For each additional month spent in public housing, an individual’s health status increases by 0.203 units.
In the naive model, the coefficient for PublicHousing is 0.304, and it’s statistically significant at p<0.01. The IV model, however, estimates a smaller effect of 0.203, which is also statistically significant at p<0.01. This means that we were overestimating the effect of public housing on health status in the naive model. The IV model provides a more accurate estimate by accounting for the issue of the independent variable being correlated with the error term.

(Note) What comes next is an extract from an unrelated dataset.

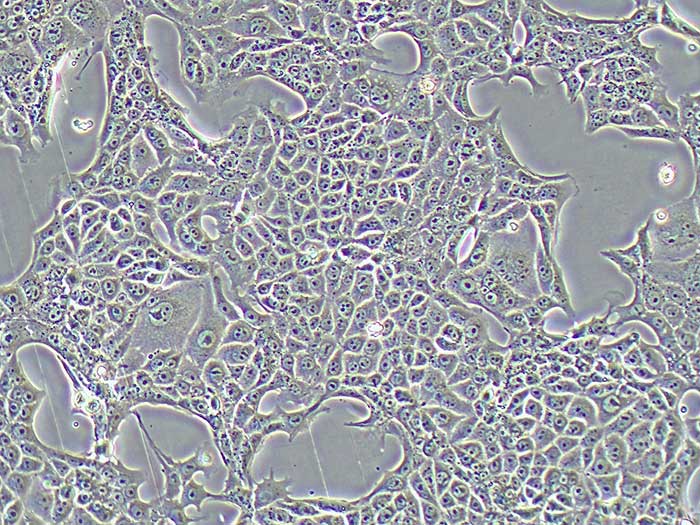RENCA细胞图片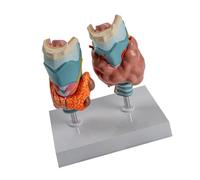 Anatomical Pathological Thyroid Model with Removable Part Pathological Thyroid Larynx Anatomy Model for Educational Use Human Pathology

Imagine that you are explaining your results to a journalist. You want to provide a concrete example of the effect of public housing assistance. (5 points)
| Statistic | Value |
|---|---|
| Min. | 0.00000 |
| 1st Qu. | 23.66876 |
| Median | 29.82691 |
| Mean | 29.37035 |
| 3rd Qu. | 35.22123 |
| Max. | 60.00000 |
The average individual spends 29.37 months in public housing, while an individual in the top 25 percent (third quantile) spends 35.22 months.
# Coefficients from the IV model
coefficients <- second_stage_model$coefficients
# PublicHousing values
public_housing_avg <- 29.37
public_housing_top_25 <- 35.22
# Demographics
white <- 0
diploma <- 2
age_35 <- 35
single <- 0
# Health status for average individual
health_status_avg <- coefficients["(Intercept)"] + coefficients["phat_Waiting"] * public_housing_avg + coefficients["Education"] * diploma + coefficients["Age"] * age_35
# Health status for top-25 percent individual
health_status_top_25 <- coefficients["(Intercept)"] + coefficients["phat_Waiting"] * public_housing_top_25 + coefficients["Education"] * diploma + coefficients["Age"] * age_35
# Difference in health status
diff_health_status <- health_status_top_25 - health_status_avg
# Savings
savings <- diff_health_status * 1200
savings## (Intercept)
## 1428.045
Savings = $1,428.045
Will the omitted variable be correlated with the residual of stage 1? Will it be correlated with the predicted values of X1? (5 points)
No correlation with the predicted value.
Strong correlation with the residuals.